> **Work instruction**
Go to the line below containing "Alan Stuart Vintage" and print exactly from there through the line containing "SEDIA CON BRACCIOLI", both included. Print nothing else.
Segment Start: Source material
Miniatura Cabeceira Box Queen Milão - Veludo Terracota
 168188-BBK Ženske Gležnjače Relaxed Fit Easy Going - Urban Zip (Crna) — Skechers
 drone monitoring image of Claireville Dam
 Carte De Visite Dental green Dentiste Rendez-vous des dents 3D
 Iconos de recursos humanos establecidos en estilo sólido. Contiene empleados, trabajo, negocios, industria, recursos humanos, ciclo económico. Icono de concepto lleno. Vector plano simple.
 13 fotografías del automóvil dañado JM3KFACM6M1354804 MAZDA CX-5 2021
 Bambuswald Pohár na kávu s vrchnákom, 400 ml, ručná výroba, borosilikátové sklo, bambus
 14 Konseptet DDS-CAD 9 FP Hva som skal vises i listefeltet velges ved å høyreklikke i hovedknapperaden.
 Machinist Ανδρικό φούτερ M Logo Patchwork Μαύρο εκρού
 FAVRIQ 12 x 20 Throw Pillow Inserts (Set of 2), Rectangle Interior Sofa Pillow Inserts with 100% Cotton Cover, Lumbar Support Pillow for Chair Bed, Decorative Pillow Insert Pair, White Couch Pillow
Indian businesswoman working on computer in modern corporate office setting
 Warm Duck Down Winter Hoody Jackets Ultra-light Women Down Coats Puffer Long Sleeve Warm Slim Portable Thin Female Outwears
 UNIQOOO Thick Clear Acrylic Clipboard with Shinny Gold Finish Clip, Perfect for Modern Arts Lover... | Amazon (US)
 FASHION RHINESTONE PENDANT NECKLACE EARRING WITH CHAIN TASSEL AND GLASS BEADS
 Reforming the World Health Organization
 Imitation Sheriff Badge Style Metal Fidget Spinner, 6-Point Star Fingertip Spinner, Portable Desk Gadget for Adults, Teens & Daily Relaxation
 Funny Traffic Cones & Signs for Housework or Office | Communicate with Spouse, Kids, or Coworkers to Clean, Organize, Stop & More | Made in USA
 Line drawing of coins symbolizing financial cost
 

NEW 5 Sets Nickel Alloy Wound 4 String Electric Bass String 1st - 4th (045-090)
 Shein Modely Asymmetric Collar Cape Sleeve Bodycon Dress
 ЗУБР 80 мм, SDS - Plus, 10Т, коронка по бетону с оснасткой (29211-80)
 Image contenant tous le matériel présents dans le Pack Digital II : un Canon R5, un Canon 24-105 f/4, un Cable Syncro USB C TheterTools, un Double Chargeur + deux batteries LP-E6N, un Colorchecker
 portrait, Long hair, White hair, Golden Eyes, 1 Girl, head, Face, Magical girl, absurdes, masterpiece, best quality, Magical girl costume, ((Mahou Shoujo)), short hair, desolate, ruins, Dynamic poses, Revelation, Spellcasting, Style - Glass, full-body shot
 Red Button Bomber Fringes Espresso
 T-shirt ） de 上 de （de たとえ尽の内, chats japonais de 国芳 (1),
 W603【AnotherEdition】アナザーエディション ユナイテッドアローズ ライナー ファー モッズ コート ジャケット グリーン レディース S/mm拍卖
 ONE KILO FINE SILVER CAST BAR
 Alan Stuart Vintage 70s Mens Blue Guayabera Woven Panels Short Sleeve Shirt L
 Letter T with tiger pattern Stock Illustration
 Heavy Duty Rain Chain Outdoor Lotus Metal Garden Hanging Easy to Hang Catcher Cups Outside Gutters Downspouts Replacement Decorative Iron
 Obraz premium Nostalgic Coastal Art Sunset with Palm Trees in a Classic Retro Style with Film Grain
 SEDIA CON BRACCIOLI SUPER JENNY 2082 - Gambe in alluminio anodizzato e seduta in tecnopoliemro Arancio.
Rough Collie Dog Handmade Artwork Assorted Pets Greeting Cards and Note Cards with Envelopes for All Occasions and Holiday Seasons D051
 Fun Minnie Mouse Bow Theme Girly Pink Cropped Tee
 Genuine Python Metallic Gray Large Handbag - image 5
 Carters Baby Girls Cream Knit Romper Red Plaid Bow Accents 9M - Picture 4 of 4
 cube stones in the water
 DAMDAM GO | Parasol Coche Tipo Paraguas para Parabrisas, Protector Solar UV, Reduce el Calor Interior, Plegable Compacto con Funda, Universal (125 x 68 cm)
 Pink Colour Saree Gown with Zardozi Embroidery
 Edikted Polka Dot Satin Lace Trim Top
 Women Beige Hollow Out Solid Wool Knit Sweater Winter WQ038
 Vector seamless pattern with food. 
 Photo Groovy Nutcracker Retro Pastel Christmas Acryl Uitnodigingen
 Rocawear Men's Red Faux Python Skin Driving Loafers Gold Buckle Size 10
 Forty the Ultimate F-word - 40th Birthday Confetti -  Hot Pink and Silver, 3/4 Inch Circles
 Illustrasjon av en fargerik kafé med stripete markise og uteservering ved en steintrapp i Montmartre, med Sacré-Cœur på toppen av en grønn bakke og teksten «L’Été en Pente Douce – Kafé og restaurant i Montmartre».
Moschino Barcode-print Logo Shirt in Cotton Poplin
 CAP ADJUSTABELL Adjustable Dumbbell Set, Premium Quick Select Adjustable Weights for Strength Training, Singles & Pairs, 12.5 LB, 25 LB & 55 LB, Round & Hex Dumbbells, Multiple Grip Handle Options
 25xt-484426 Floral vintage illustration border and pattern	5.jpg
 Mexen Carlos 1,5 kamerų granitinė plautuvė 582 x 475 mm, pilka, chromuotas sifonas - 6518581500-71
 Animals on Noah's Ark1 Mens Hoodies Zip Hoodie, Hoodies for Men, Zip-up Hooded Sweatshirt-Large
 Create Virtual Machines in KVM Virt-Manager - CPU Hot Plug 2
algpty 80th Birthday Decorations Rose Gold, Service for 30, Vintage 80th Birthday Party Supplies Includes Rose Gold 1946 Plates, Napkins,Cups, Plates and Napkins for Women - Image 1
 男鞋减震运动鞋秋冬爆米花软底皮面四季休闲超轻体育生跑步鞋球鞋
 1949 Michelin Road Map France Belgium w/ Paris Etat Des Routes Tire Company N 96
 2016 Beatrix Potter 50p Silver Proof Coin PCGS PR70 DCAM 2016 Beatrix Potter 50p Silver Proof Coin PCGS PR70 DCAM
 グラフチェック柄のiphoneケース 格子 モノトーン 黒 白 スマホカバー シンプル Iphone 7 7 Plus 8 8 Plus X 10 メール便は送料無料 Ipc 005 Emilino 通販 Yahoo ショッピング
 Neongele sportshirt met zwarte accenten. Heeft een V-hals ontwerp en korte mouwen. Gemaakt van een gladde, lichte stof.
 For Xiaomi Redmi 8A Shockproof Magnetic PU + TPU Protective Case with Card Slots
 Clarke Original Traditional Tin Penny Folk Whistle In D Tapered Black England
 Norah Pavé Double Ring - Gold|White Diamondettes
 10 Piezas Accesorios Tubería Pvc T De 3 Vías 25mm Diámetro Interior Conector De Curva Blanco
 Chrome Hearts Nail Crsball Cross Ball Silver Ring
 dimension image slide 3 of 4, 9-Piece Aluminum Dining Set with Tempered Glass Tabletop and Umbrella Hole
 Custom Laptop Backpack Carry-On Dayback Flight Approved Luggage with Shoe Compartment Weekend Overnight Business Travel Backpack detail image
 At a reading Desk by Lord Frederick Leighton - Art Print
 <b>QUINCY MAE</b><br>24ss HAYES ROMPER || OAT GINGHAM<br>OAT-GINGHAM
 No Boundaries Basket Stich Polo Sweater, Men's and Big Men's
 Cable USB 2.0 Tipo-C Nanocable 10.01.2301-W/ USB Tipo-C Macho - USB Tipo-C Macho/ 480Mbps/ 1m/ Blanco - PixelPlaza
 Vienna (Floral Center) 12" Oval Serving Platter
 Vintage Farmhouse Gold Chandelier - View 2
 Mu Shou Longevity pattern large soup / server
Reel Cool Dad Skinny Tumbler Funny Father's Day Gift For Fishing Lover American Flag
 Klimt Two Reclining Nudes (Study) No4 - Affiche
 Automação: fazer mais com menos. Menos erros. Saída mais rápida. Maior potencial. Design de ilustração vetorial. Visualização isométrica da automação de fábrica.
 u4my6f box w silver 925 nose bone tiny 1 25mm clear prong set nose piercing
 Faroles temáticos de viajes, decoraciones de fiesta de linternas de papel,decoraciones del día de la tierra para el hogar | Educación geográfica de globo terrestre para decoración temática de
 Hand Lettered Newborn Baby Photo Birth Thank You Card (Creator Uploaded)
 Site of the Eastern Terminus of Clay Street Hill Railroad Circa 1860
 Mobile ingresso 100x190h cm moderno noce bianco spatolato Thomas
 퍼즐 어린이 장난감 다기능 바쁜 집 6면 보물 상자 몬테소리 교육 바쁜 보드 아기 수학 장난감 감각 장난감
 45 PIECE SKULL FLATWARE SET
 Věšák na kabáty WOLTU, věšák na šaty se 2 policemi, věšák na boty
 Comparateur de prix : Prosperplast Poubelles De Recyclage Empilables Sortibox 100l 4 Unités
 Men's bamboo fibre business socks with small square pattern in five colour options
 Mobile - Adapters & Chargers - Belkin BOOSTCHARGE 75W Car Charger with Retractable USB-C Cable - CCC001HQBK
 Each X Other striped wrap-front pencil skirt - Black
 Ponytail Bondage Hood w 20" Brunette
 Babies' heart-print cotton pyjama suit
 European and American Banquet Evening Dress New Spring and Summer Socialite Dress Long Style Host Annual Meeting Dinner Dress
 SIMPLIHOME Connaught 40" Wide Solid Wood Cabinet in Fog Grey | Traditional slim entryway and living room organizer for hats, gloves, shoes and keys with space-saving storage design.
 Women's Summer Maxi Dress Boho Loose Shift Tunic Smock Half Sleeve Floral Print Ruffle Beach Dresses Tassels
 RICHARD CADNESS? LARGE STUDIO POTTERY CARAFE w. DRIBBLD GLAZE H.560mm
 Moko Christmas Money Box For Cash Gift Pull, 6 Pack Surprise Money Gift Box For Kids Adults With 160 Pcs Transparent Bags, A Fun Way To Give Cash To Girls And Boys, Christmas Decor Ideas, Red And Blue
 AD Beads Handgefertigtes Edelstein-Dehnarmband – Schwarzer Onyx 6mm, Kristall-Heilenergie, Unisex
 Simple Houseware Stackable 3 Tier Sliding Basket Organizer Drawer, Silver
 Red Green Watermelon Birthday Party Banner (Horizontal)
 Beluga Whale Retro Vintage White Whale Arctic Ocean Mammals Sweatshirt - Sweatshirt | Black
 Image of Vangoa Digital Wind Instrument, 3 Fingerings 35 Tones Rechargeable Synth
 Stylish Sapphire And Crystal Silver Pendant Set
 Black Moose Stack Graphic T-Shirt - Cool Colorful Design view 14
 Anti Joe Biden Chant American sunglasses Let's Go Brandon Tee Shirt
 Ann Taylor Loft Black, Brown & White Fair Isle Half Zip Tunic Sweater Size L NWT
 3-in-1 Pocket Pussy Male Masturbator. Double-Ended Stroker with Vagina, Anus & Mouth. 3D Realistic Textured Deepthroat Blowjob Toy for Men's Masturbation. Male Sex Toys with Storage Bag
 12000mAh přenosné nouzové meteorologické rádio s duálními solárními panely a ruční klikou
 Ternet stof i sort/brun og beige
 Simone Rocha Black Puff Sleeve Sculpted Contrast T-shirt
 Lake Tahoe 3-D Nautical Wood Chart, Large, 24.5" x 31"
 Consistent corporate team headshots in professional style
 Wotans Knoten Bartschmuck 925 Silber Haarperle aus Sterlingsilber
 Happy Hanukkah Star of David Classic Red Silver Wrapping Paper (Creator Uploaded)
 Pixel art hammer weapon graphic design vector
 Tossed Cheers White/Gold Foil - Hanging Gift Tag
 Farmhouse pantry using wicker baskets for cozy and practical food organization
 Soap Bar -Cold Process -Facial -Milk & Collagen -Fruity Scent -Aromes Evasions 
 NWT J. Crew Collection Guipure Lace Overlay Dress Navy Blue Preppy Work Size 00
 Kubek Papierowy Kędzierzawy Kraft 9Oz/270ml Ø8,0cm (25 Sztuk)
Segment End: Source material
> **Answer**
 Alan Stuart Vintage 70s Mens Blue Guayabera Woven Panels Short Sleeve Shirt L
 Letter T with tiger pattern Stock Illustration
 Heavy Duty Rain Chain Outdoor Lotus Metal Garden Hanging Easy to Hang Catcher Cups Outside Gutters Downspouts Replacement Decorative Iron
 Obraz premium Nostalgic Coastal Art Sunset with Palm Trees in a Classic Retro Style with Film Grain
 SEDIA CON BRACCIOLI SUPER JENNY 2082 - Gambe in alluminio anodizzato e seduta in tecnopoliemro Arancio.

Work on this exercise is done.